DATASET:
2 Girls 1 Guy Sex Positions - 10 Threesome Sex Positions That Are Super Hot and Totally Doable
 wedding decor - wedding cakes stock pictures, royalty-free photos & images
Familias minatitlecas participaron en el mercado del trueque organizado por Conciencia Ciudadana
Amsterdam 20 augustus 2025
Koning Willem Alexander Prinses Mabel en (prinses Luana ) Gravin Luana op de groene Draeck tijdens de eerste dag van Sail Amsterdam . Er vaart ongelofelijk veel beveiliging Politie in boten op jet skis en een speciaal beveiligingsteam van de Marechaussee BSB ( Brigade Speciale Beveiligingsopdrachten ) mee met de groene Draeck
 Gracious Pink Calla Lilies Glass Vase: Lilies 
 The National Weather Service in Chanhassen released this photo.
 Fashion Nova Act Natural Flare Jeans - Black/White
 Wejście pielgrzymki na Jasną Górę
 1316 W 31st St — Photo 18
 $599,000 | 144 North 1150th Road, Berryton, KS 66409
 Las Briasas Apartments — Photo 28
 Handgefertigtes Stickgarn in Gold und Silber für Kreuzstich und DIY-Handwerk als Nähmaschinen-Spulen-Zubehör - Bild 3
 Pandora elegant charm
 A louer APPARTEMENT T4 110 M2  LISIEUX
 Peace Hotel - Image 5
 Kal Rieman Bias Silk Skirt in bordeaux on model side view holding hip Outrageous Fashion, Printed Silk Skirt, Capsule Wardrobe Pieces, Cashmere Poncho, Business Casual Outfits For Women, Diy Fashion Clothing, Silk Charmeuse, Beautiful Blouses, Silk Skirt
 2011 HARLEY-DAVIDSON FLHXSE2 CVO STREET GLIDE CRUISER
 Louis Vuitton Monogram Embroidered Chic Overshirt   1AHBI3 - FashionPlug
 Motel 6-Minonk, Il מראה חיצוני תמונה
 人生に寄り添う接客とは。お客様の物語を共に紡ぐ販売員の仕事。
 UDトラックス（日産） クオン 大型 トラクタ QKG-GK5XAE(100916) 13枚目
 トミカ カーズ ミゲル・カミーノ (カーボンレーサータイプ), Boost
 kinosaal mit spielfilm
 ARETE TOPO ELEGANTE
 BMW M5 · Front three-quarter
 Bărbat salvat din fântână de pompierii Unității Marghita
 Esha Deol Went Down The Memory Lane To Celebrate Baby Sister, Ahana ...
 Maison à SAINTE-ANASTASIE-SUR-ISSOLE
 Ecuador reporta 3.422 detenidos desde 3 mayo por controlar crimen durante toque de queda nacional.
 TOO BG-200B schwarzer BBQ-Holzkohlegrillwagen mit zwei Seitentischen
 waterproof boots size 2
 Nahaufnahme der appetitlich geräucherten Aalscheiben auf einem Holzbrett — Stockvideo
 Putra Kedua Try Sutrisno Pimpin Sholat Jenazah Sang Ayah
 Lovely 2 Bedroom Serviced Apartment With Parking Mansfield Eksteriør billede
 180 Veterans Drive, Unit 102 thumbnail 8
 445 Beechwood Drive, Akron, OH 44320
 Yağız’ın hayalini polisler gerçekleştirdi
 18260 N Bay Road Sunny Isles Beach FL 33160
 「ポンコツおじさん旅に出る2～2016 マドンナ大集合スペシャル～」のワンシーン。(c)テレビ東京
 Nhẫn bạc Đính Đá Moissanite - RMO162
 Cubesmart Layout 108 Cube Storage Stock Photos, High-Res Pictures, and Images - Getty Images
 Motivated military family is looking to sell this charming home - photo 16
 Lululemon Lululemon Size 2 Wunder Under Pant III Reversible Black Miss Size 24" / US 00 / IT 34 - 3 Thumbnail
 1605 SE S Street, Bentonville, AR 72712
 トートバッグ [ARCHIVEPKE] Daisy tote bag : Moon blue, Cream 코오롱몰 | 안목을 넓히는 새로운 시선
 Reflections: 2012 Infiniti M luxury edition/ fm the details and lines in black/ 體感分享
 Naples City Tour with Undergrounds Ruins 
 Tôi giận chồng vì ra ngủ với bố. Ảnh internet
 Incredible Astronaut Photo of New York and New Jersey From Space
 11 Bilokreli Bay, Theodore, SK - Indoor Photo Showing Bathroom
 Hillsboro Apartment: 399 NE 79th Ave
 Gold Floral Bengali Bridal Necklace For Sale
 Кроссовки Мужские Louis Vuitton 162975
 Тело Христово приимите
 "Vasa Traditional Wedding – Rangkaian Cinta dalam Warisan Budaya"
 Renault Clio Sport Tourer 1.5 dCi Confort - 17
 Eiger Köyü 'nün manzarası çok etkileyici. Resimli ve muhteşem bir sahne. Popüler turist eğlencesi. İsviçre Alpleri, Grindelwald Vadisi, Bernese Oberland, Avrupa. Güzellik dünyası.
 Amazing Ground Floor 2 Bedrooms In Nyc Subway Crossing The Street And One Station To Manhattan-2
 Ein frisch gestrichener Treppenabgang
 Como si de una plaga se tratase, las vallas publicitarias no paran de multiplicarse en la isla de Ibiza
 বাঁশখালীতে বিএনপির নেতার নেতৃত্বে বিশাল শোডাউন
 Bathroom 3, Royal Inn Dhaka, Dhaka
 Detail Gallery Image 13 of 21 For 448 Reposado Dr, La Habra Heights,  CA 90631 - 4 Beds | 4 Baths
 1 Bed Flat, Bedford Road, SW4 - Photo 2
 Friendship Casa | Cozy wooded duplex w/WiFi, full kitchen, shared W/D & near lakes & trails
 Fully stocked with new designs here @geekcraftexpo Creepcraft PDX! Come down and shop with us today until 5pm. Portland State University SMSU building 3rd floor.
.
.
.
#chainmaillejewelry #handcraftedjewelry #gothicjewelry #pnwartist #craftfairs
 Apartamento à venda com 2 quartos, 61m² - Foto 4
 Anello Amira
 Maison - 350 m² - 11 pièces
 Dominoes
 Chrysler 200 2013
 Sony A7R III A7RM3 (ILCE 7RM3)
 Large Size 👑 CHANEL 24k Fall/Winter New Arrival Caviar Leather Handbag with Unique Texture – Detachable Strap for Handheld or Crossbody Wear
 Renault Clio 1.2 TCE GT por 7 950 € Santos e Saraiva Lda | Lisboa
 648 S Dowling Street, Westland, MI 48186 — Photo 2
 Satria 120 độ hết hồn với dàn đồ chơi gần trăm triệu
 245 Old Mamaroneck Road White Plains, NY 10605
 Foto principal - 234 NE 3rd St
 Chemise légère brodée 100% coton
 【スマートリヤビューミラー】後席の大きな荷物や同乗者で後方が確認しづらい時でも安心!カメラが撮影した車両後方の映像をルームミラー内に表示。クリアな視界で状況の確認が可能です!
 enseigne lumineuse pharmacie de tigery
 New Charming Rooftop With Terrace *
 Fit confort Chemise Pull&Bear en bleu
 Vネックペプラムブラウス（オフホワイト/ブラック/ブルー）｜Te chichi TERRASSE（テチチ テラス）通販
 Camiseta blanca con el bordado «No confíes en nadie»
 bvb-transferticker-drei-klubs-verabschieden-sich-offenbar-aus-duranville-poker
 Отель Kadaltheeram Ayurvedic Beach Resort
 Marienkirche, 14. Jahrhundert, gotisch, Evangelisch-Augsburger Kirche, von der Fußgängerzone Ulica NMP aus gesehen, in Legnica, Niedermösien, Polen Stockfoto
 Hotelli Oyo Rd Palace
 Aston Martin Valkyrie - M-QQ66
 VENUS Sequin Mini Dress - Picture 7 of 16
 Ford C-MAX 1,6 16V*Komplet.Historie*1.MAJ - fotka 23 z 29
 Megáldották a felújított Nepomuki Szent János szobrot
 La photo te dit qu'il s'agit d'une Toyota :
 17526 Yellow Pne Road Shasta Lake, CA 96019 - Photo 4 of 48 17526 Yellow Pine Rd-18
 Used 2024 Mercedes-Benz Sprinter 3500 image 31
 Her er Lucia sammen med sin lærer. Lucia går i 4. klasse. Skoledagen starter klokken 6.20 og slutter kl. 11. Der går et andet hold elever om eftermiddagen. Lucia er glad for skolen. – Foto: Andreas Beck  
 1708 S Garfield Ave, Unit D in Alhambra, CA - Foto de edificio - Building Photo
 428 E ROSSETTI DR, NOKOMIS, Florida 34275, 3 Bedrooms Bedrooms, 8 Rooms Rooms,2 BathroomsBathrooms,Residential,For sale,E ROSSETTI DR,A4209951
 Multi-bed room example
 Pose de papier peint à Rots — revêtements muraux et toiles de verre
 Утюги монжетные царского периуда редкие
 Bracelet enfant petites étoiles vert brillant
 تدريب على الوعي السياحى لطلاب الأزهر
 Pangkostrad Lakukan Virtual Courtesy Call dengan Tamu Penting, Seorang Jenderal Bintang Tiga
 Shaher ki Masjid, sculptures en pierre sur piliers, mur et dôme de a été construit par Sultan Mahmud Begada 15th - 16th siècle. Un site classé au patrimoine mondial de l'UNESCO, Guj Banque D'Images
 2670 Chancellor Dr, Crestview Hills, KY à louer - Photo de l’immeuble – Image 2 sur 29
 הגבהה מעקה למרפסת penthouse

TASK INSTRUCTIONS:
Reproduce only what lies between the start of the listing above and the end of the line containing "Amsterdam 20 augustus 2025", keeping every line exact.

REPLY TO THE TASK:
2 Girls 1 Guy Sex Positions - 10 Threesome Sex Positions That Are Super Hot and Totally Doable
 wedding decor - wedding cakes stock pictures, royalty-free photos & images
Familias minatitlecas participaron en el mercado del trueque organizado por Conciencia Ciudadana
Amsterdam 20 augustus 2025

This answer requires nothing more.